- [Exercise prompt] Of all the entries below, retype only the lines from the one with "Mercedes-Benz Sprinter 314CDI" through the one with "3 pokoje po", exactly as they appear.

- [Extracted material]
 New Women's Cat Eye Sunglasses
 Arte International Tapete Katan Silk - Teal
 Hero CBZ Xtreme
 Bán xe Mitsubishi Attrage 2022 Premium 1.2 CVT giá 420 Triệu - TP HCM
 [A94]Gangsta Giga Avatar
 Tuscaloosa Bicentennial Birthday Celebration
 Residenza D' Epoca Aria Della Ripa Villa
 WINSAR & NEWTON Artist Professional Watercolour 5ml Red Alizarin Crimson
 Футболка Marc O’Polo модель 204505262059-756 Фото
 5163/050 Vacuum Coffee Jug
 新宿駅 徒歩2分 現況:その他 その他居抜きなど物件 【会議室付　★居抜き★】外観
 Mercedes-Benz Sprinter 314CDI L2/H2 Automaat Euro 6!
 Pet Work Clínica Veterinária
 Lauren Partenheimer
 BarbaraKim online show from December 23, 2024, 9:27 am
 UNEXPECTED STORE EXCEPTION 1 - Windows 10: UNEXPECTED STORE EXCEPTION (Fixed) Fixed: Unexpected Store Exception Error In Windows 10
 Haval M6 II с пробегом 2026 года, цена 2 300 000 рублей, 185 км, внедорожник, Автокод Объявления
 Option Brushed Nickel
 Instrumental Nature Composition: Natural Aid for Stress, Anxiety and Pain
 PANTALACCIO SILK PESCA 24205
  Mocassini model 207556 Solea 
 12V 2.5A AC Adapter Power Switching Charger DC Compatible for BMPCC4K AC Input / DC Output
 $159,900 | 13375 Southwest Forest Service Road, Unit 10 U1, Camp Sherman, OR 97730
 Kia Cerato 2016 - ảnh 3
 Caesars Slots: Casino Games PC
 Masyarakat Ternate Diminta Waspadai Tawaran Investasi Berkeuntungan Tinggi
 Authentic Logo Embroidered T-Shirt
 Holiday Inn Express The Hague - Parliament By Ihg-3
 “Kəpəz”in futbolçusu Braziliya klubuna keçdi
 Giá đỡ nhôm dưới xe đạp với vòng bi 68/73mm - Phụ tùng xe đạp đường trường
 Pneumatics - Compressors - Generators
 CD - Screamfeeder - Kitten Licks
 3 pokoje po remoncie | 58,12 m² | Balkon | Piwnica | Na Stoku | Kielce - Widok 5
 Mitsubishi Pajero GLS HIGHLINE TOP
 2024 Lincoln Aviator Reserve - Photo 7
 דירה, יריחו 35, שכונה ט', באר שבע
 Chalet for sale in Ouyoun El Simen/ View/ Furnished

- [Answer to this task]
 Mercedes-Benz Sprinter 314CDI L2/H2 Automaat Euro 6!
 Pet Work Clínica Veterinária
 Lauren Partenheimer
 BarbaraKim online show from December 23, 2024, 9:27 am
 UNEXPECTED STORE EXCEPTION 1 - Windows 10: UNEXPECTED STORE EXCEPTION (Fixed) Fixed: Unexpected Store Exception Error In Windows 10
 Haval M6 II с пробегом 2026 года, цена 2 300 000 рублей, 185 км, внедорожник, Автокод Объявления
 Option Brushed Nickel
 Instrumental Nature Composition: Natural Aid for Stress, Anxiety and Pain
 PANTALACCIO SILK PESCA 24205
  Mocassini model 207556 Solea 
 12V 2.5A AC Adapter Power Switching Charger DC Compatible for BMPCC4K AC Input / DC Output
 $159,900 | 13375 Southwest Forest Service Road, Unit 10 U1, Camp Sherman, OR 97730
 Kia Cerato 2016 - ảnh 3
 Caesars Slots: Casino Games PC
 Masyarakat Ternate Diminta Waspadai Tawaran Investasi Berkeuntungan Tinggi
 Authentic Logo Embroidered T-Shirt
 Holiday Inn Express The Hague - Parliament By Ihg-3
 “Kəpəz”in futbolçusu Braziliya klubuna keçdi
 Giá đỡ nhôm dưới xe đạp với vòng bi 68/73mm - Phụ tùng xe đạp đường trường
 Pneumatics - Compressors - Generators
 CD - Screamfeeder - Kitten Licks
 3 pokoje po remoncie | 58,12 m² | Balkon | Piwnica | Na Stoku | Kielce - Widok 5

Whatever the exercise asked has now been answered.